I am concentrating on traditionals now (black traditionals to be specific) and some year-when I get my traditionals to be excellent show quality (which I have some work to do there) then I may add some color. But I feel that as a breeder building a good quality stock is of the utmost importance to me. 

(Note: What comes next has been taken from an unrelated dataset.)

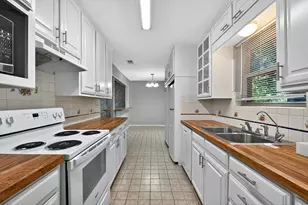 220 Short St, Burleson, TX 76028 - Photo 18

Not to say that you certainly can not do that right away w/the colored boers-you can. I just did not start down the dapple path :greengrin: :thumb: That is kind of a cute way to think of it...."the dappled path"...lol


----------



## mmiller (Apr 3, 2012)

He is aleast 50% boer. I didn't get to see his daddy. His dam is a red head that has spots on her neck. I hope to have pics up by the end of next week. Thanks for all the input I was really on the fence about selling him. 500 dollars sounds really good when you are trying to get your herd up and going but I think in the long run my herd will benefit more from him if I keep him.


----------



## toth boer goats (Jul 20, 2008)

I haven't jumped to dapples yet.....but they are getting more popular..... :thumb:


----------



## mmiller (Apr 3, 2012)

*Re: Are they here to stay? UPDATED Pics!!*

Here is a pic of Rock. Who I now plan to keep as a future herdsire.


----------



## Crossroads Boers (Feb 19, 2011)

Awww! He is really cute! Thanks for sharing the pictures! Love that color!!!


----------



## toth boer goats (Jul 20, 2008)

Nice... :thumb:  :hi5:


----------